---------- Task material

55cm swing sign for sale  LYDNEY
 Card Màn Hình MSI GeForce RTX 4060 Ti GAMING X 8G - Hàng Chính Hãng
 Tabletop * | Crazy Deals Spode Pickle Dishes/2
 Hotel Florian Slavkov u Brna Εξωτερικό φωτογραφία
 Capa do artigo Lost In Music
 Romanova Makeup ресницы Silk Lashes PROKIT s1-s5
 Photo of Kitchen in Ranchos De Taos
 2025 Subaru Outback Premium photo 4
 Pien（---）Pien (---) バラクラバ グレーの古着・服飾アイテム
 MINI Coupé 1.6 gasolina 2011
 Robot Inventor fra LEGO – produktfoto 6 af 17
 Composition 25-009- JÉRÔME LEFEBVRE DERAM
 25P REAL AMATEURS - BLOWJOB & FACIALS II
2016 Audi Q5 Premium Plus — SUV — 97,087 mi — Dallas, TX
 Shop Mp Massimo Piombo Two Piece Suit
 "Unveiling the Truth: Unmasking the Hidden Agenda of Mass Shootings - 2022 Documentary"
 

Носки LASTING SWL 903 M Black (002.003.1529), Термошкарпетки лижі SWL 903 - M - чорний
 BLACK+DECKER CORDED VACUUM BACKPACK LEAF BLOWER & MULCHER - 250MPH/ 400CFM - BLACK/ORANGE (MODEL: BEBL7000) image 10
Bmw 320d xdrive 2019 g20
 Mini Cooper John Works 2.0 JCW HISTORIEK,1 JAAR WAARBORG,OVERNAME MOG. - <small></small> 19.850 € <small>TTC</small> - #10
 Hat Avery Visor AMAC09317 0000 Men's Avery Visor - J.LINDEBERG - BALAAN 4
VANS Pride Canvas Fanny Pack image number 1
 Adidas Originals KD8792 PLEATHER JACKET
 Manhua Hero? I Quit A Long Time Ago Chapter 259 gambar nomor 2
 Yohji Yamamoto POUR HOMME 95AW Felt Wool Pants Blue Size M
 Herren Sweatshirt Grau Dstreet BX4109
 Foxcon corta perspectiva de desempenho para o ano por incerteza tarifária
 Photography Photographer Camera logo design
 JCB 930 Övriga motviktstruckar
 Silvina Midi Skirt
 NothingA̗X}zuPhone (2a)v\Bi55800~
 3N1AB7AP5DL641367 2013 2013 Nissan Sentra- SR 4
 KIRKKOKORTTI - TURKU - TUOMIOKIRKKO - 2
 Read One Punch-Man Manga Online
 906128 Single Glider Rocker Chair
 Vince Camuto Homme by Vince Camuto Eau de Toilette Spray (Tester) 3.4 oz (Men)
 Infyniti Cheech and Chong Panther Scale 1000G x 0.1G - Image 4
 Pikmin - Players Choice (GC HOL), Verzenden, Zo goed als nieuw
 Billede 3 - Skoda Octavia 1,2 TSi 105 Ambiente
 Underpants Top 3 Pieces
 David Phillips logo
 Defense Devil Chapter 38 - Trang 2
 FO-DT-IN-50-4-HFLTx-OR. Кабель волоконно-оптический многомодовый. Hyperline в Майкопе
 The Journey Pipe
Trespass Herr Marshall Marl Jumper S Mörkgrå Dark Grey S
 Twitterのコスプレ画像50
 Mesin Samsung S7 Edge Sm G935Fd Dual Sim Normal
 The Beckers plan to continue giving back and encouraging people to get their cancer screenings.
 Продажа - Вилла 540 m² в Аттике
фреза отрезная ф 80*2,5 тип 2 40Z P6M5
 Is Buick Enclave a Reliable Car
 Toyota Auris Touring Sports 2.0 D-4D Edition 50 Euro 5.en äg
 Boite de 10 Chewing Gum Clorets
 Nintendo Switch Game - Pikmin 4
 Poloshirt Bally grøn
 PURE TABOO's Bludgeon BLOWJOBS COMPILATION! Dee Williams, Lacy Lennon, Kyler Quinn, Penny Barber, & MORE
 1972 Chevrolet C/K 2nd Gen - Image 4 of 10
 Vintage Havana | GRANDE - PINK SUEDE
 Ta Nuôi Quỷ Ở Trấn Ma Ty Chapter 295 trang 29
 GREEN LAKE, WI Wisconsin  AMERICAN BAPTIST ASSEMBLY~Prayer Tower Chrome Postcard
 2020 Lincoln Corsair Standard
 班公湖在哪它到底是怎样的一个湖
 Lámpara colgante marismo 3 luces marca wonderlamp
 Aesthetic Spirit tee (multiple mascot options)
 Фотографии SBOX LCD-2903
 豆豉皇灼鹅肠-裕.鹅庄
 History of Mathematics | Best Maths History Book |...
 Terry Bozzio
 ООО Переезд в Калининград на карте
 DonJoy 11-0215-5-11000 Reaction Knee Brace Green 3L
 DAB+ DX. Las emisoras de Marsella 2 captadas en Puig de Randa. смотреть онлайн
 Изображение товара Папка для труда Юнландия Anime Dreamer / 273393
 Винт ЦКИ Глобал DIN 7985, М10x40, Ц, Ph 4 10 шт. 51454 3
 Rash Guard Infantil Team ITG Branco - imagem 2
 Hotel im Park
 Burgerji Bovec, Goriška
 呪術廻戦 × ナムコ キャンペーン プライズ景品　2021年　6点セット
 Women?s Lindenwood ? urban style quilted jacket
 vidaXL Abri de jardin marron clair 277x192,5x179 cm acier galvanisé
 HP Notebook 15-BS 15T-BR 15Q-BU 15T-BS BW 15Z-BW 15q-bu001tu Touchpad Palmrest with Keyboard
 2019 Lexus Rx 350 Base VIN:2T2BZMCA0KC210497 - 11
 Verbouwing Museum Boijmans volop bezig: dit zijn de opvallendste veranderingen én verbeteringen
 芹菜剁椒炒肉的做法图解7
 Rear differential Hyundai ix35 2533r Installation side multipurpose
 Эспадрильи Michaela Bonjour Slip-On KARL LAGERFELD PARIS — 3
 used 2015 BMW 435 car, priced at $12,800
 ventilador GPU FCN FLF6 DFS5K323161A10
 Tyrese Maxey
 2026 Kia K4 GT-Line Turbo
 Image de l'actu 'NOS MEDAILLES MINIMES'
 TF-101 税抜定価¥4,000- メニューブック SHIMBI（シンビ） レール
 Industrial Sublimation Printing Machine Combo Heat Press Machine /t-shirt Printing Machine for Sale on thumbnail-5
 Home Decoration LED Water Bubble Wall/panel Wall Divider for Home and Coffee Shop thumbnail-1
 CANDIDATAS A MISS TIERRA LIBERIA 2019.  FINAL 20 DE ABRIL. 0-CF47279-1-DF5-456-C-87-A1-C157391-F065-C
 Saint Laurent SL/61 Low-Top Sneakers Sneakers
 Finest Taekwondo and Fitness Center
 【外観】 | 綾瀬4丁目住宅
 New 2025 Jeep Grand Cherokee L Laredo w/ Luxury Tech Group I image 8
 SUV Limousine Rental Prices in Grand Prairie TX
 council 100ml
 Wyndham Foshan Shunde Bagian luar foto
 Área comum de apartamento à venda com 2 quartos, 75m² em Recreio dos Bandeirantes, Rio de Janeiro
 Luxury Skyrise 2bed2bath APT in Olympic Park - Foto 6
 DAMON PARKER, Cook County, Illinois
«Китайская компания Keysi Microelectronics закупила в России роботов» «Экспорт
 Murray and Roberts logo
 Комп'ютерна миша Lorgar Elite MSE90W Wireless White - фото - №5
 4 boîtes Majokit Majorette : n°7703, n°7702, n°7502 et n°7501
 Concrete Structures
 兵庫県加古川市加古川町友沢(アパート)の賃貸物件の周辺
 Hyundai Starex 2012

--------------------

Task statement - The expected answer is every line in the data above that carries the string "Shop".

Result of the task -
 Shop Mp Massimo Piombo Two Piece Suit
 Home Decoration LED Water Bubble Wall/panel Wall Divider for Home and Coffee Shop thumbnail-1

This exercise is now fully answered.